What are your “5 Leadership Lessons I Learned From My Experience as a Woman in STEM or Tech” and why. (Please share a story or example for each.)

Myown experience in being a woman in tech was not always easy. The path to where I am was fraught with challenges and obstacles I had to overcome — as it is with all professionals. There are certain challenges that are unique to women, but for the most part, the pillars of leadership are consistent across enterprise. Some of my favorite, and most essential tips, are:

1. Get the right people on the bus.

Build good teams. This seems intuitive, but there is so much more to it. Focus on picking people who are smarter than you, as they will challenge you. Build an atmosphere that is open where people can be truthful; this can be done by building inclusive and diverse team. Great ideas are built through friction; we shouldn’t run from these situations, but rather embrace them.

For Example: I was once dealing with a tough client and a project that was behind schedule and over budget. I was asked to come in to turn the project around, and immediately had to reflect on team to make sure we had the right technical and leadership skillsets to manage a team of 200 people located around the world. We needed to get on the right track, communicate clearly, set clear expectations, and improve morale. All of this takes the right leaders — a balanced set of leaders with technical know-how, an ability to communicate and rally the team, and the ability to make tough decisions. We had to refocus to ensure we had all those right players in order to ensure a successful outcome.

2. Talk less, listen more

As a leader, it’s our job to pay attention to what others say and to make sure we are soliciting a variety of viewpoints. Often times, using the Socratic method and asking questions rather than giving what you believe is the correct answer will help solicit different points of view and unique perspectives.

3. Be authentic and passionate about what you do and what you believe

Inspiration and engagement are important, and always more effective when it’s personal.
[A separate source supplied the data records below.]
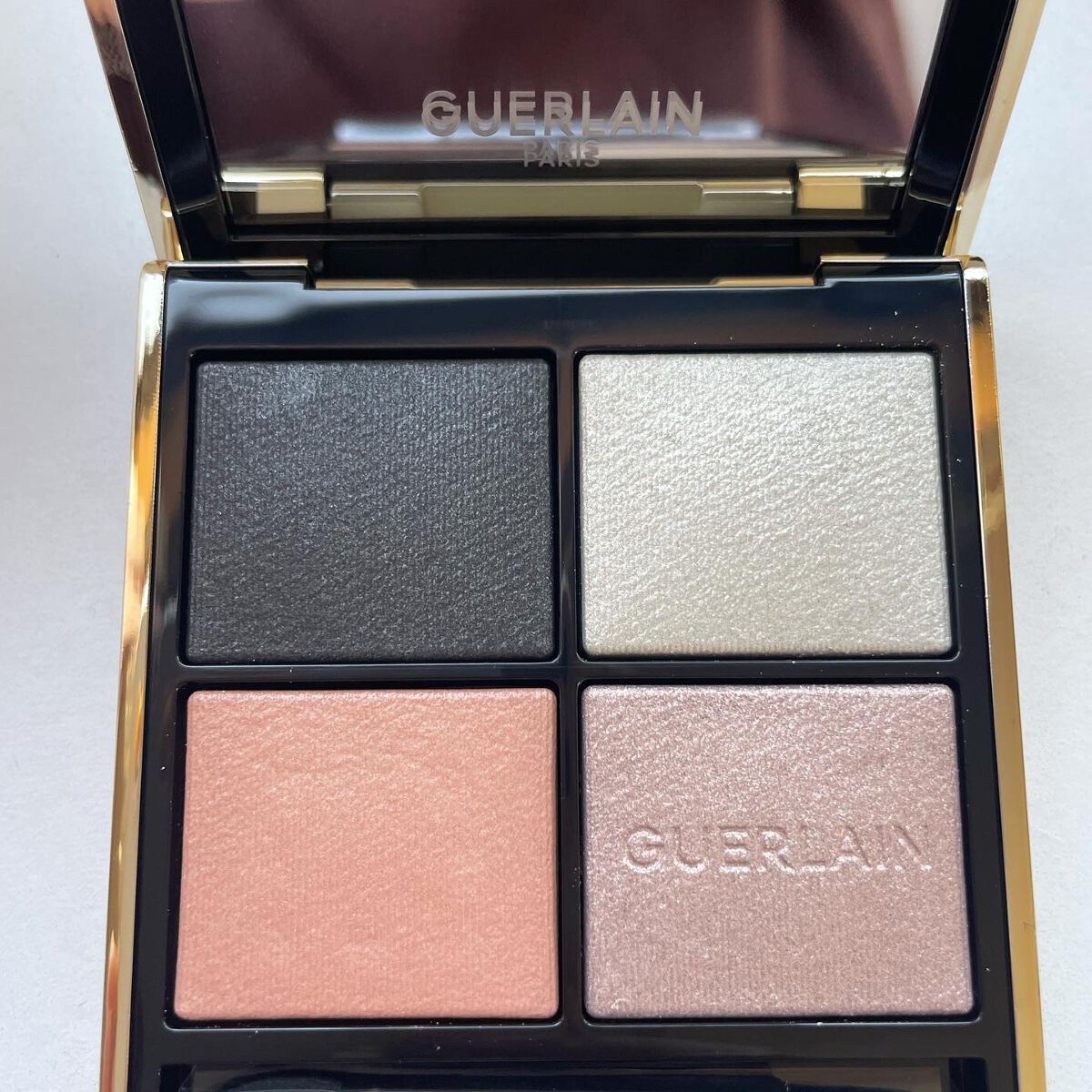 オンブル ジェ/GUERLAIN/アイシャドウパレットを使ったクチコミ(2枚目)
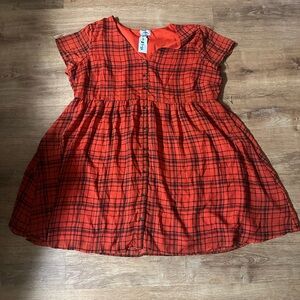 Women’s Plaid Dress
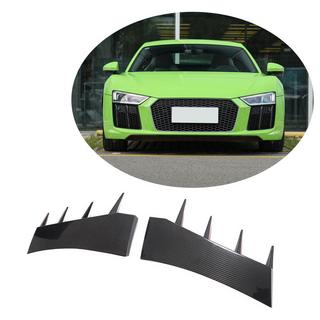 Lip spoiler předního nárazníku V2 (2015-2020, karbon) Audi R8 2015– fotografie 1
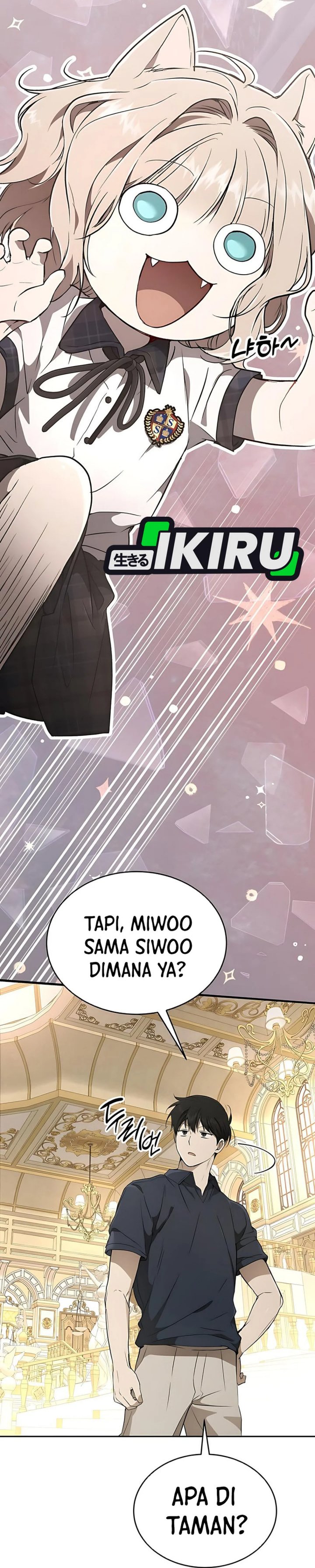 Shinsoo Kindergarten Chapter 39 Gambar 39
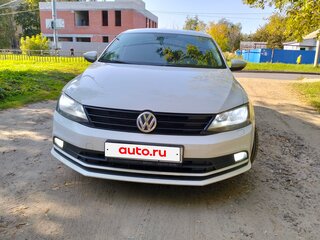 2016 Volkswagen Jetta VI Рестайлинг, белый, 1250000 рублей, вид 2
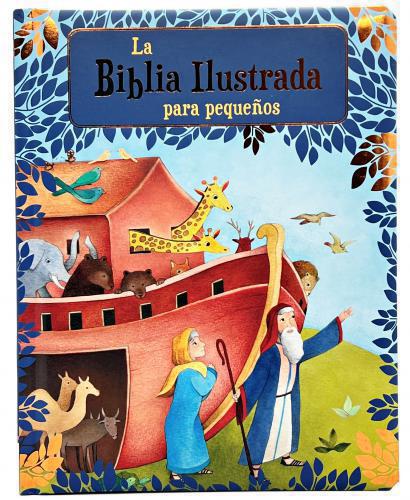 La Biblia Ilustrda Para Pequeños, 20 Historias Biblicas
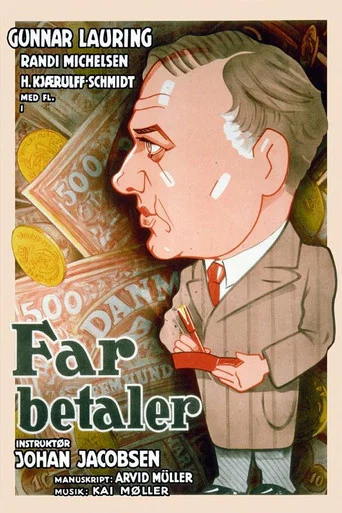 Movie poster for Far betaler (1946)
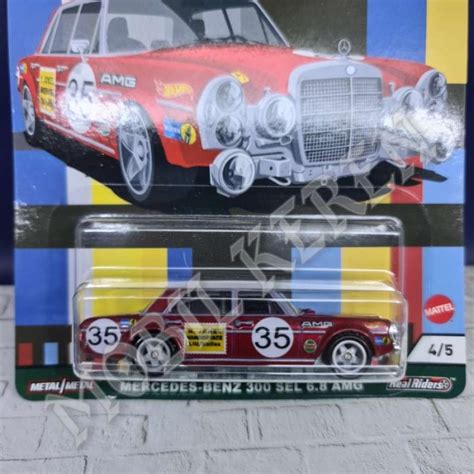 Jual Hot Wheels Deutschland Design Mercedes Benz Sel Amg Di Seller Qairina Store
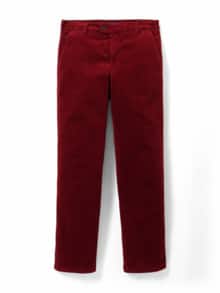 Thermo-Cord Chino Bordeaux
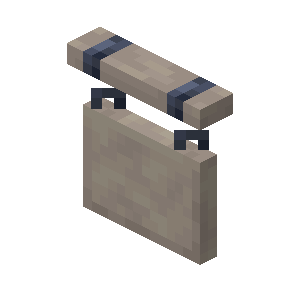 Zzzzz 1790035747poplar Wall Hanging Sign S Je2 — Every single block and item in minecraft 26.3 option 783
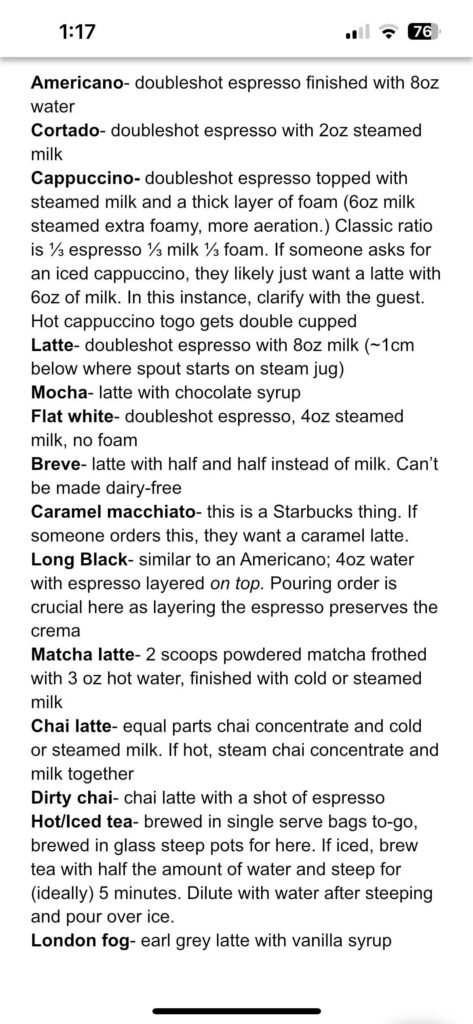 Are these drink recipes fairly standard/accurate?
You can demonstrate this passion by making your values known and standing by them. “People will forget what you told them but will never forget how you made them feel.”
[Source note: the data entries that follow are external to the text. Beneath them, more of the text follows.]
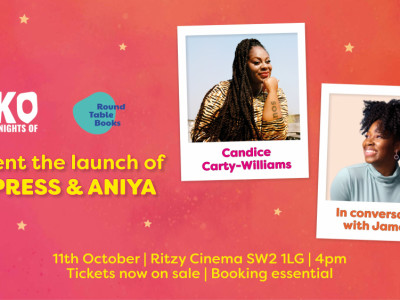 Candice Carty-Williams launch event for Empress & Aniya image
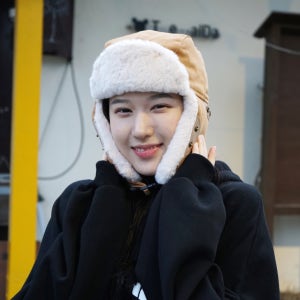 겨울등산모자 고소모 이어머프캡
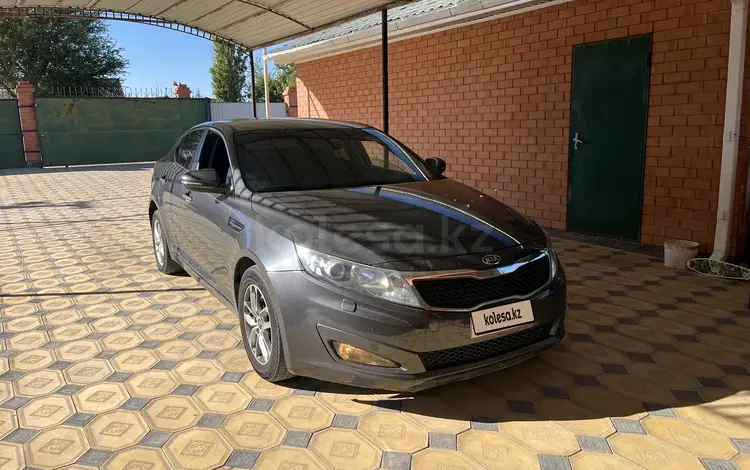 Kia Optima 2012 года за 4 800 000 тг. в Атырау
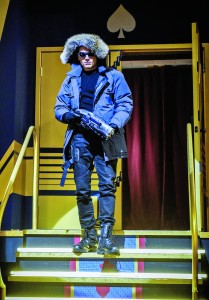 Wentworth Miller as Captain Cold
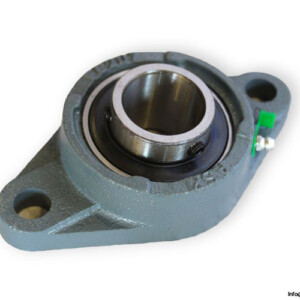 ASK Ucfl 207 Oval Flange Ball Bearing Unit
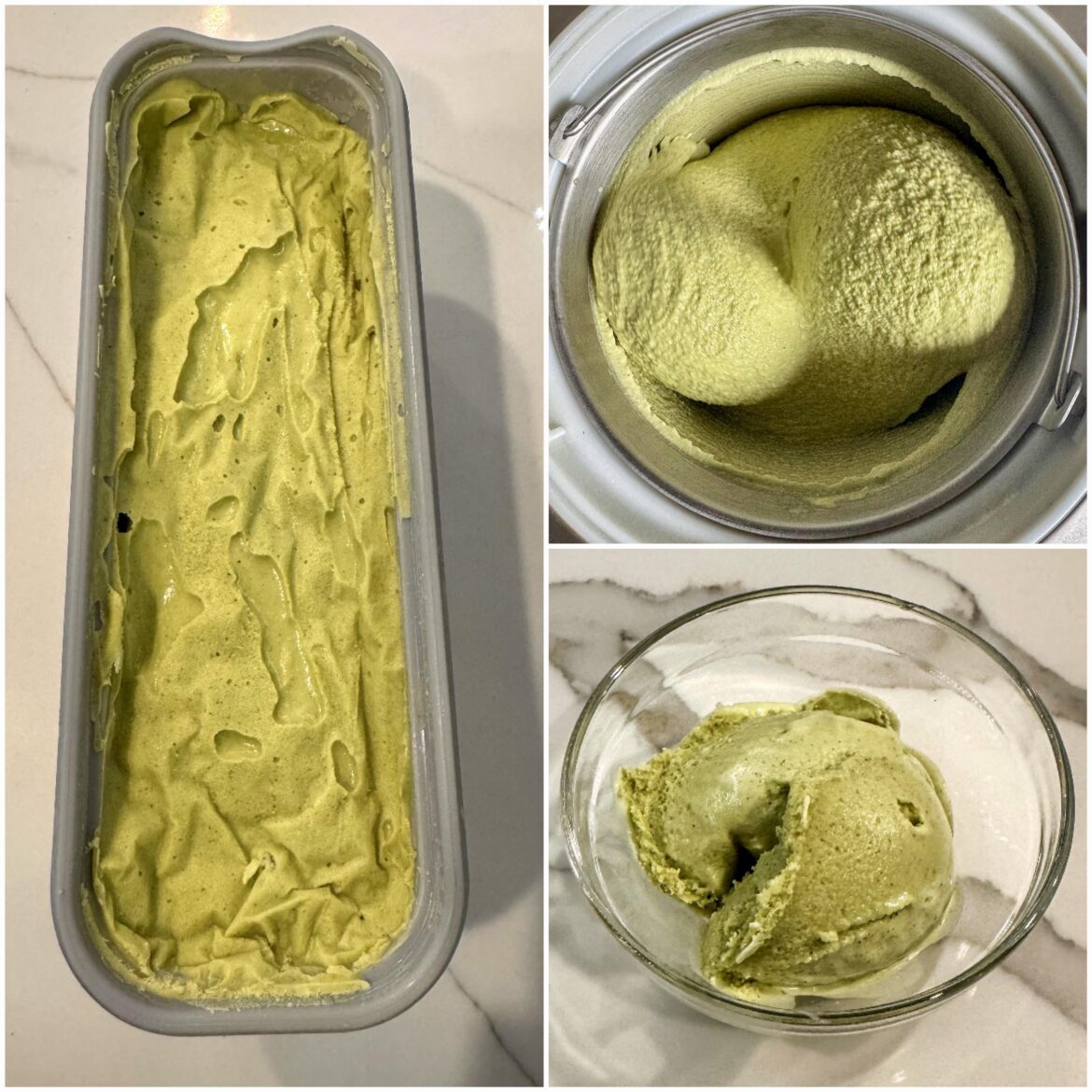 Pistachio Ice Cream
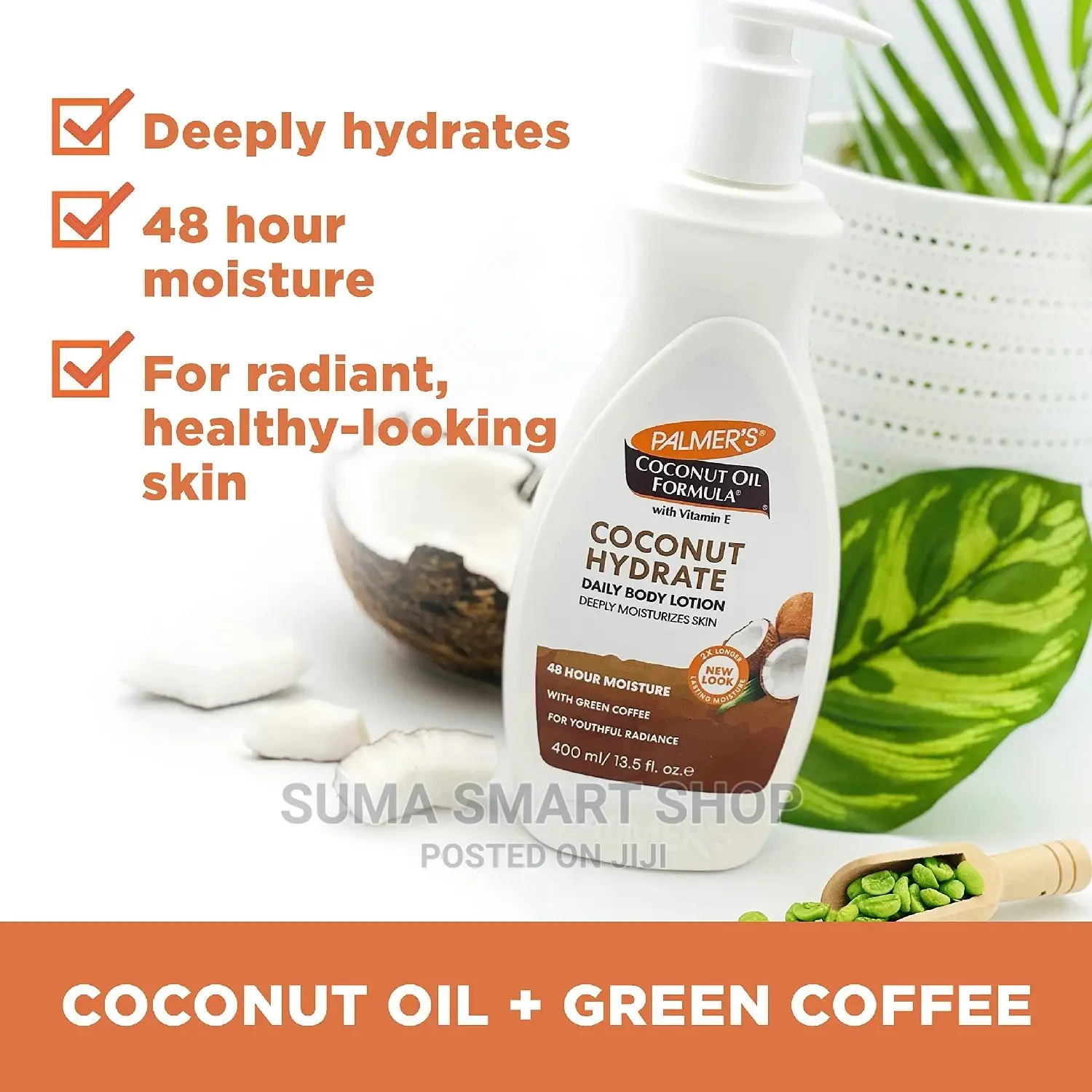 PALMER'S Coconut Hydrate Lotion .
4. Be the first to take responsibility and give credit.

It’s important to make sure people know that they are valued and their contributions to the team are noticed and rewarded. When things go wrong, however, it’s the leader’s responsibility to own it and put the team on a path forward.
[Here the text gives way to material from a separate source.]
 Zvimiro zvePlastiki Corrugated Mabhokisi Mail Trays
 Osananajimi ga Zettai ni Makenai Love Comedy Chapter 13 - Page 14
5. Keep trying and keep learning

Don’t be too hard on yourself when things don’t go your way or live up to your expectations. Learn from it and apply forward. I always aim to be better the next time.

Can you please give us your favorite “Life Lesson Quote”? Can you share how that was relevant to you in your life?

“Be more concerned with your character than with your reputation. Your character is what you really are while your reputation is merely what others think you are.” — John Wooden

As a leader you have to make tough decisions, and sometimes the tough decisions aren’t always the popular ones.

But, if you do things with the best intentions, understand all possible outcomes, communicate well and with kindness, you’ll be proud of the leader you are.

Is there a person in the world, or in the US with whom you would love to have a private breakfast or lunch with, and why?

I’d have dinner with Yvon Chouinard, the Founder of Patagonia. He built a successful business doing what he loves and believes in, with the ultimate purpose of doing good for the world. It’s interesting how he put all of those pieces together and has remained true to himself.

I’d also have drinks with Michelle Obama. I feel like I have an incredible amount to learn from her as a leader, as a mom, and as someone who clearly exudes passion about everything they do and has done so under incredibly tough circumstances and environments.